Hey, that's our song!

I entered the hobby in 2003 / 2004. Games that I bought and played heavily during that period (the formation years) would always have a special place in my heart, just like pop songs during one's teenage years. For me, "our songs" are games like The Princes of Florence, Carcassonne, and Mystery Rummy: Jack the Ripper. There are newer games which have similarities with these games, some may even be better designs, but they will always be inferior to "our songs". If I want to play games with similar depth, or using similar mechanisms, I would just turn to "our songs". There is no need to buy a newer game unless it is significantly different or provides something that I don't have yet.

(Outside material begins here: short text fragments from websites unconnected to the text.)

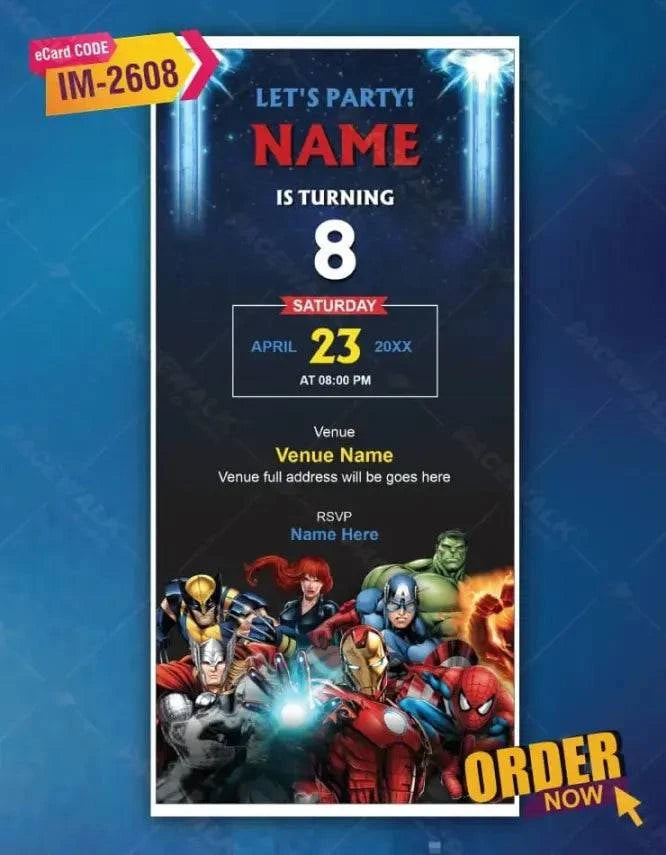 Marvel Heroes Birthday Invitation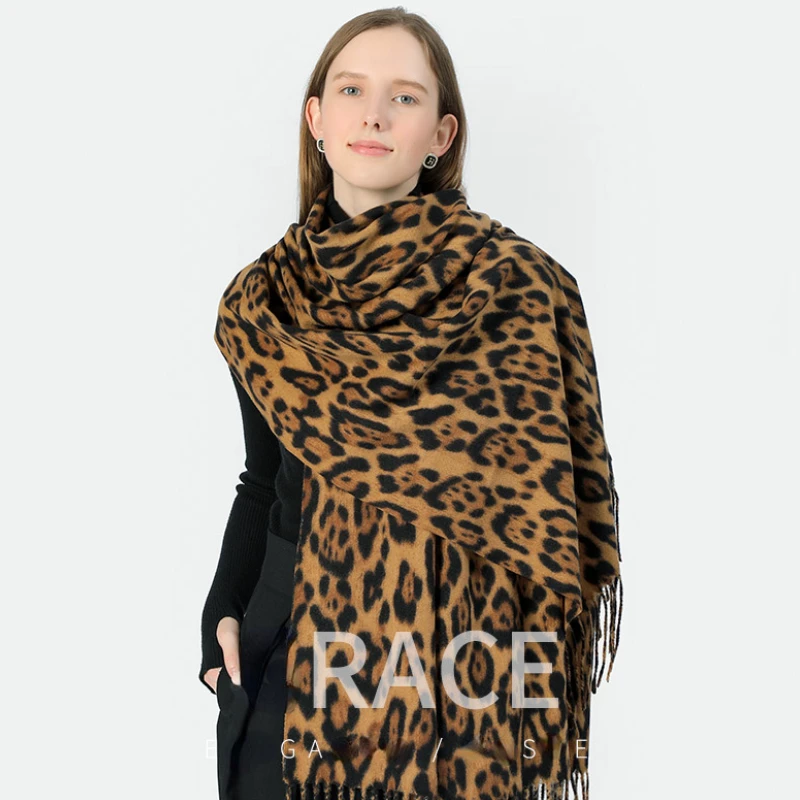 Herfst Winter Dames Sjaal 2024 Nieuwe Luipaardprint Sjaals Kwastjes Comfortabele Mode Verdikte Warme Zebrastrepen Sjaal Vrouwen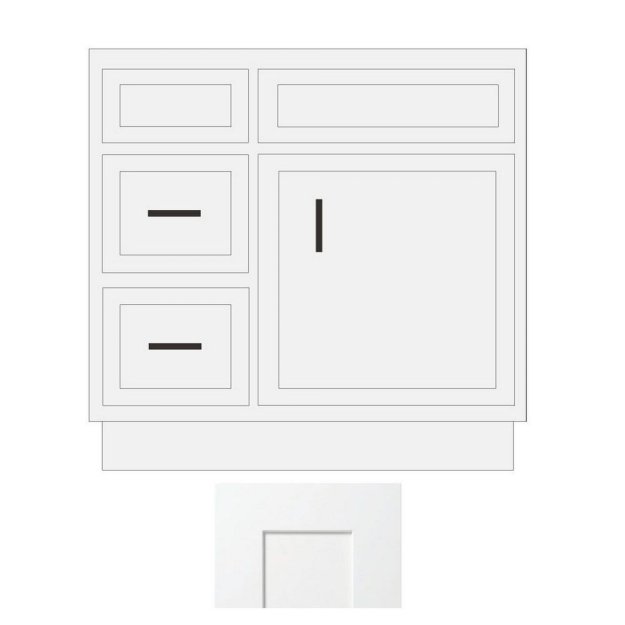 (image for) White Shaker 24" x 21" Vanity Sink Base Cabinet with Drawers on Left - WS-V2421DL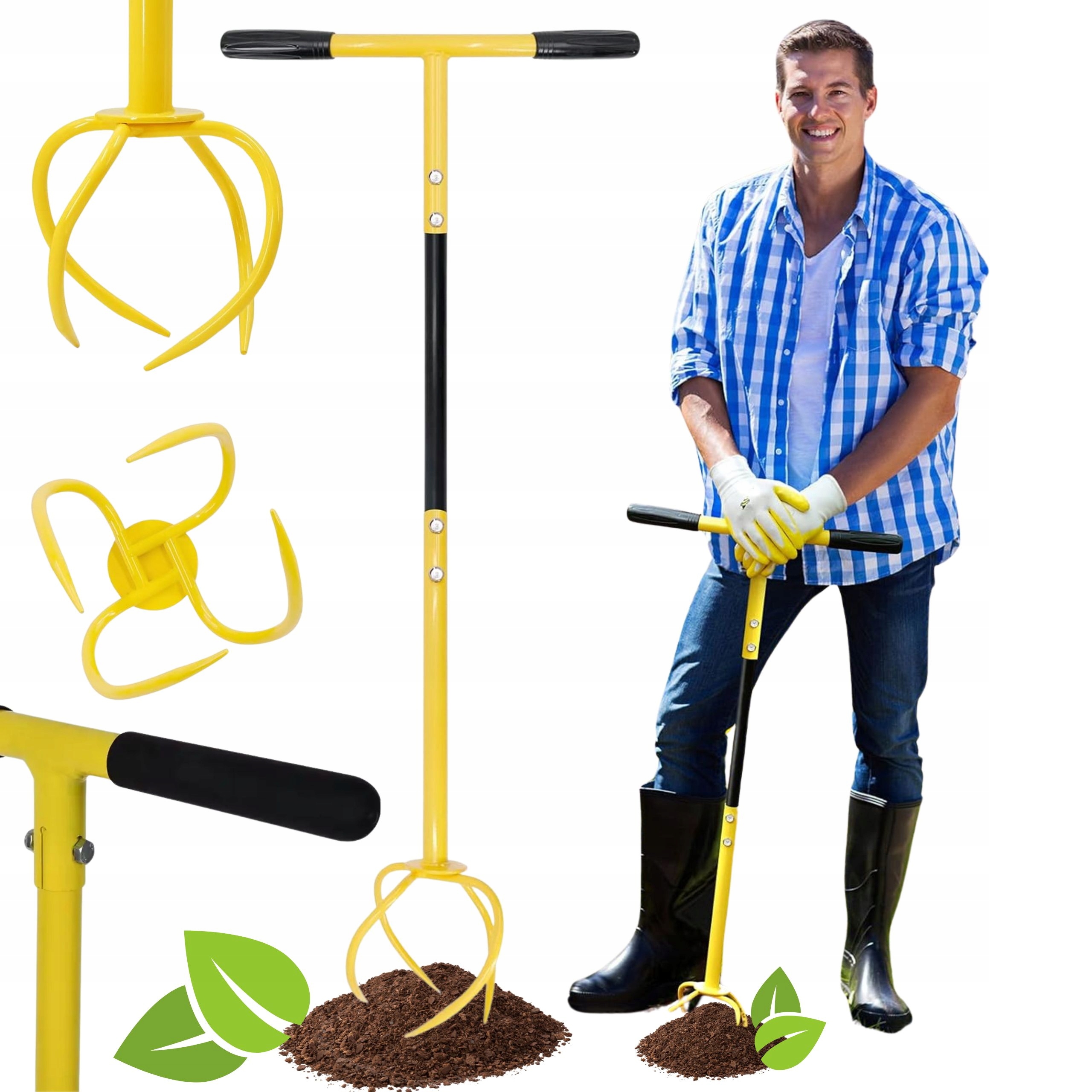 KULTYWATOR RĘCZNY SPULCHNIACZ GLEBY OGRODOWY OBROTOWY REGULACJA WYSOKOŚCI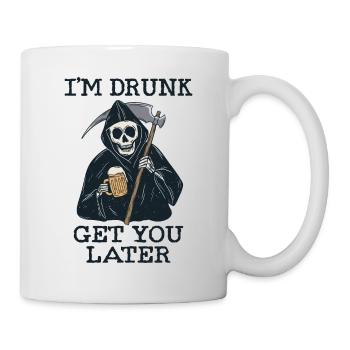 Drôle de squelette de faucheuse ivre vous obtient - Mug blanc - blanc - Droite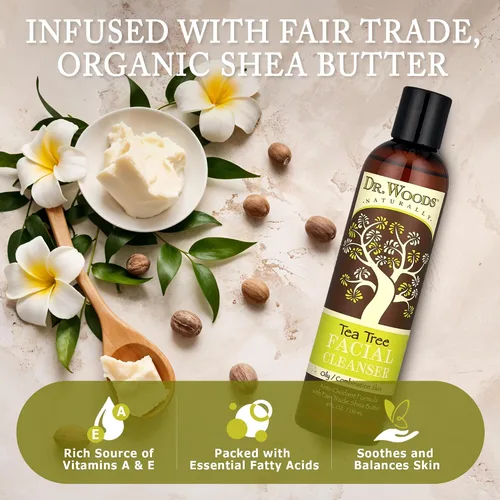 Vista 5 de Dr. Woods Limpiador facial líquido de árbol de té, fabricado con manteca de karité orgánica, aceite de árbol de té natural para hombres y mujeres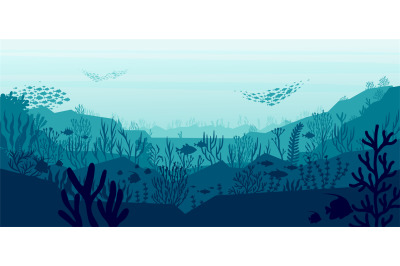 Underwater silhouette landscape. Exotic marine underwater scene with c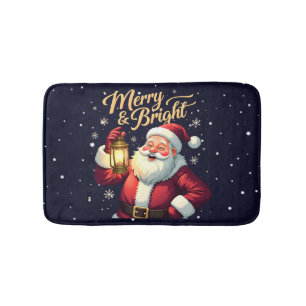 Merry Bright Santa Holding Lantern Illustration Bath Mat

Newer boardgamers will have their own newer "our songs", and we old farts may frown upon them, just like the even older farts frown upon our "our songs". Noone is right and noone is wrong.

And then there are some classics that most people can agree on. Can I compare Acquire to When I Fall in Love?

Mystery Rummy: Jack the Ripper

Carcassonne

Cooperative Ark

My 6-year-old daughter Shee Yun wanted to play Ark after reading a book about Noah's Ark. It's a bit too much for a 6-year-old, so I created a cooperative version. Players have a hand of 4 cards, and take turns adding one animal to the ark. Weights of animals and tilt of the ark are played. Restrictions on carnivores, herbivores, and food apply. Room temperatures apply. Room size applies. Special animal rules (exclamation marks), animal categories (fast animals, shy animals, heavy animals etc), and payment for new rooms don't apply. There is no scoring. We just worked together to place all the animals onto the ark, in as few rooms as we could. It was quite pointless, but she enjoyed it.

2 comments:

Jason said...

That's a good point about our own personal "classics." New stuff is rarely considered as good as the old stuff that we grew up with. I'm that way especially with video games. In my opinion, the simple classics of the DOS era are superior to the sensory overload that video games innundate you with today. Our bias towards the "tried and true" indeed may sometimes causes us to miss a new, modern classic. But on the other hand, sometimes it saves us from wasting time on a trivial, unoriginal clunker, too! :-)

Paul Owen said...

Hiew, I agree with you and Jason. I have such sentimental attachment to the games I grew up with, even if there are better games now. I spent 14 hours playing Wooden Ships and Iron Men at WBC last summer, and it was like being at a reunion with an old friend.